◆ Source material ◆

+++++

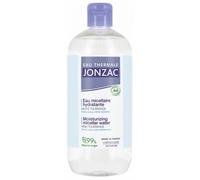 Jonzac Rehydrate Agua Agua Micelar 500ml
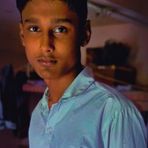 Profile Picture of Rowan IvesMoody (@Rowan-Ives-Moody) on Facebook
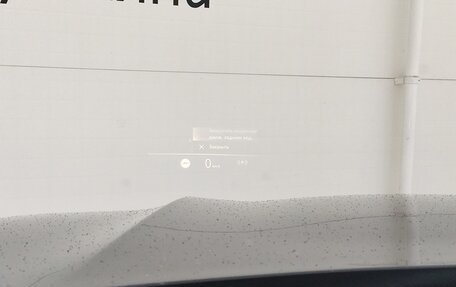 BMW X5, 2025 год, 10 859 000 рублей, 28 фотография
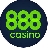 888casinobest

+++++

◆ Task description ◆
Beginning at the line with "Profile Picture of" and ending at the last line of the listing above, retype each line exactly, including those two lines. Leave the pictures out.

◆ Exercise solution ◆
 Profile Picture of Rowan IvesMoody (@Rowan-Ives-Moody) on Facebook
 BMW X5, 2025 год, 10 859 000 рублей, 28 фотография
 888casinobest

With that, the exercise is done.